Information supplied |
* * * * * * * * *
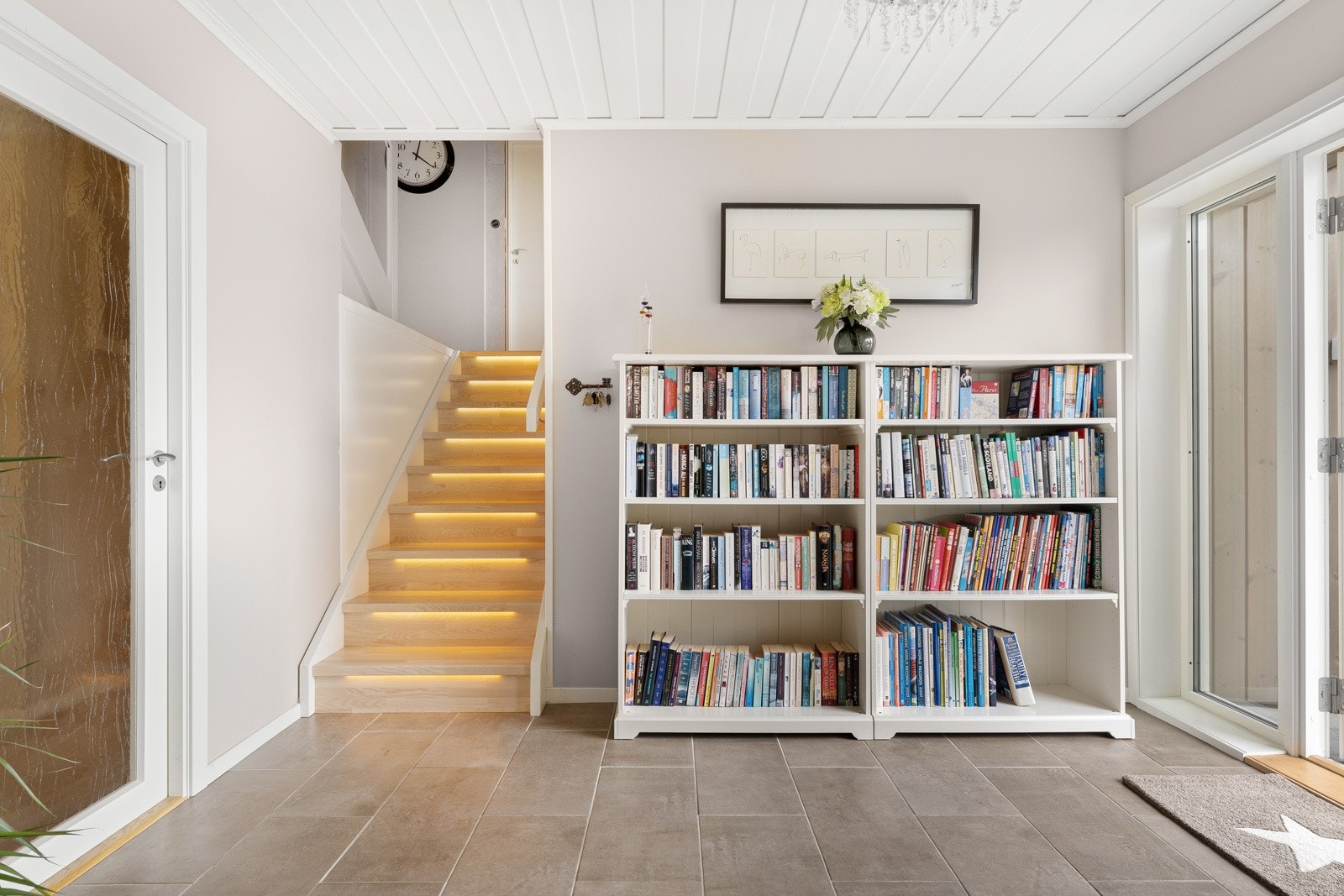 Boligen har inngang i underetasjen og entreen er pusset opp i nyere tid. Galleribilde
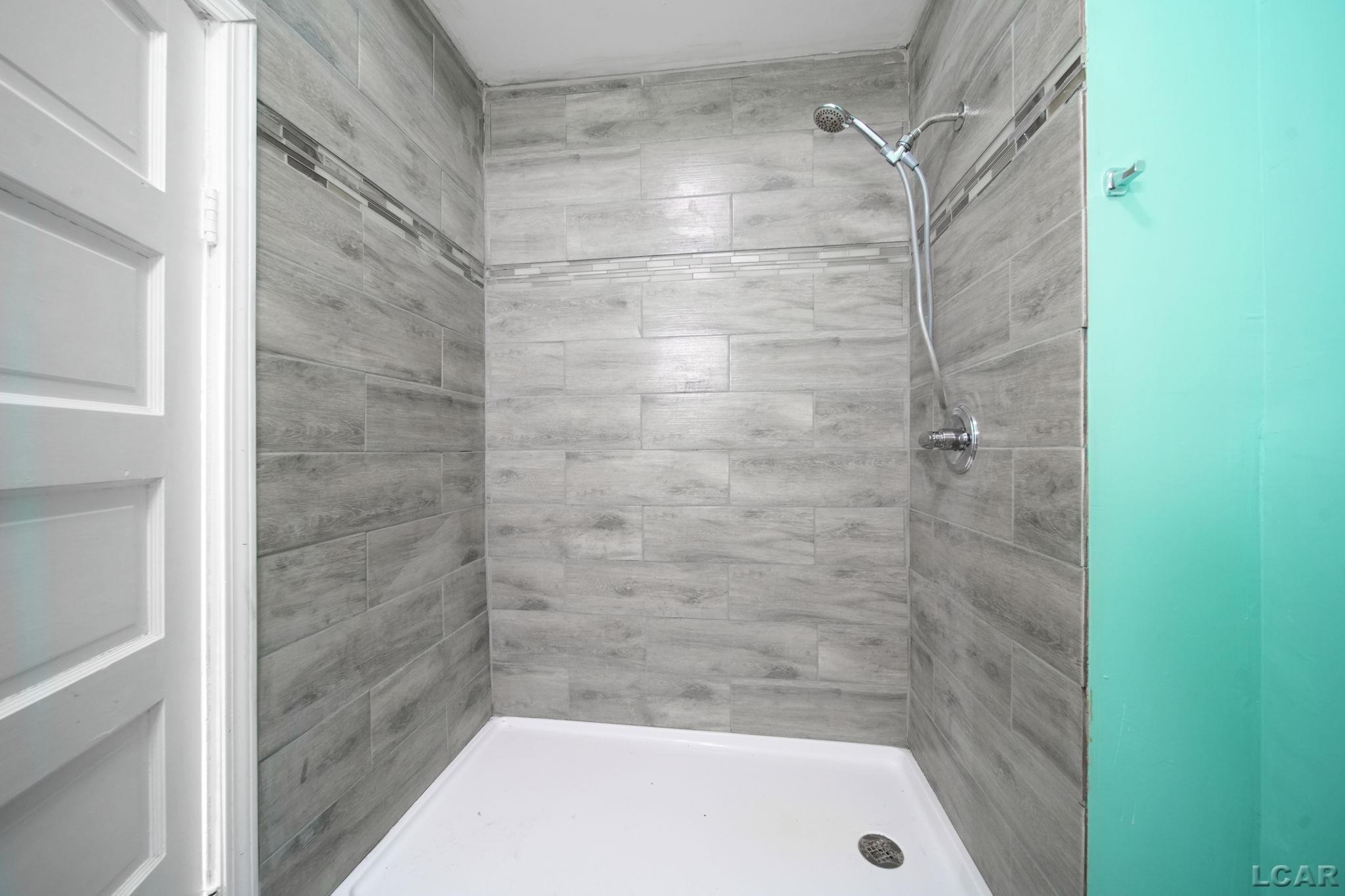 16500 Addison Road Manitou Beach, MI 49253 - Photo 40 of 59 50163940-0f5ce14f-02e3-409e-97e9-7057e7c6b028.JPG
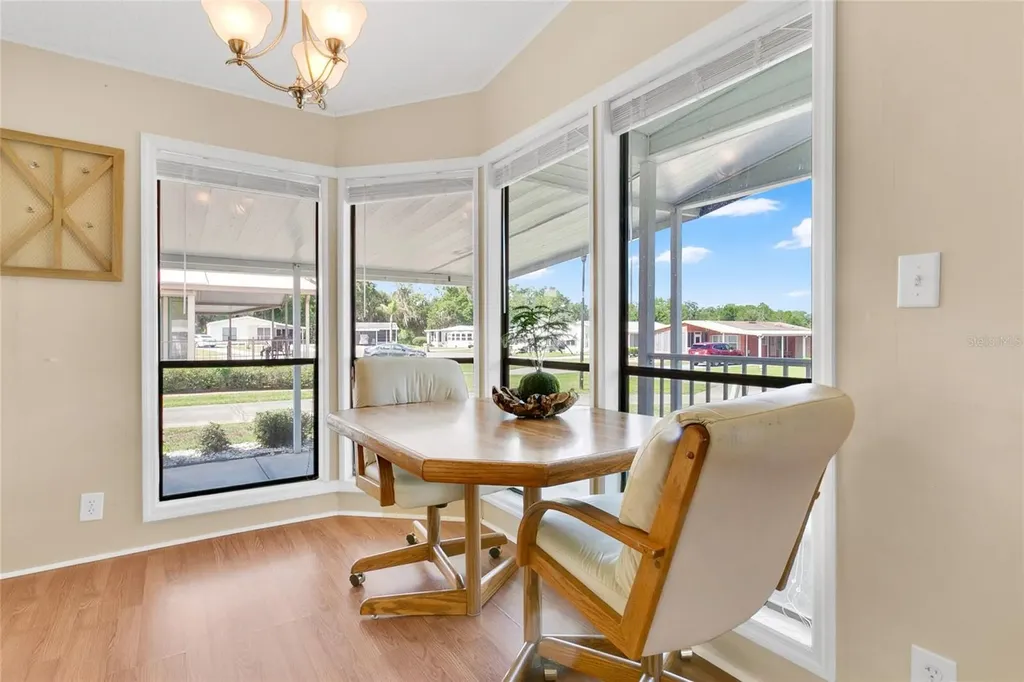 32520 W Golf Court Leesburg FL 34748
* * * * * * * * *
Would you copy all the material exactly, dropping the pictures?

Answer section |
 Boligen har inngang i underetasjen og entreen er pusset opp i nyere tid. Galleribilde
 16500 Addison Road Manitou Beach, MI 49253 - Photo 40 of 59 50163940-0f5ce14f-02e3-409e-97e9-7057e7c6b028.JPG
 32520 W Golf Court Leesburg FL 34748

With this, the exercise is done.